Personal information
- Full name: Heather Suzanne Gilchrist
- Date of birth: March 4, 2004 (age 22)
- Height: 5 ft 8 in (1.73 m)
- Position: Center back

Team information
- Current team: Bay FC
- Number: 2

Youth career
- Colorado Rush

College career
- Years: Team / Apps / (Gls)
- 2022–2025: Florida State Seminoles / 81 / (5)

Senior career*
- Years: Team / Apps / (Gls)
- 2026–: Bay FC / 2 / (1)

International career^{‡}
- 2024: United States U-20 / 12 / (0)

= Heather Gilchrist =

American soccer player (born 2004)

Heather Suzanne Gilchrist (born March 4, 2004) is an American professional soccer player who plays as a center back for Bay FC of the National Women's Soccer League (NWSL).

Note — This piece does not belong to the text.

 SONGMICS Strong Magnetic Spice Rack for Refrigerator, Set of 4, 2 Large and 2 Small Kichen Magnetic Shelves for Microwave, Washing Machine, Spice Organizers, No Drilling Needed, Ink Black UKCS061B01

She played college soccer for the Florida State Seminoles, winning two national championships (2023 and 2025) and earning All-American honors twice. She won bronze with the United States at the 2024 FIFA U-20 Women's World Cup.

==Early life==

Gilchrist grew up in Boulder, Colorado, the daughter of Anne and Anthony Gilchrist. Her parents played college sports at Cornell University, her mother in and her father in tennis. Gilchrist played club soccer for Colorado Rush in the ECNL and the Colorado Rapids in the WPSL. She attended Fairview High School. She initially committed to play college soccer for Oregon, but after its head coach resigned, she flipped her commitment to Florida State.

==College career==

Gilchrist was an immediate starter for the Florida State Seminoles as a freshman in 2022, earning Atlantic Coast Conference (ACC) all-freshman honors. She helped the Seminoles reach the NCAA tournament semifinals, where she conceded a penalty in the 3–2 loss to North Carolina. She then contributed to Florida State's undefeated season and fourth national title in her sophomore year in 2023. She played every minute in the NCAA tournament, allowing just one goal in six games. She earned an assist on the opening goal in the 2–0 semifinal win over Clemson, then won 5–1 against Stanford in the final.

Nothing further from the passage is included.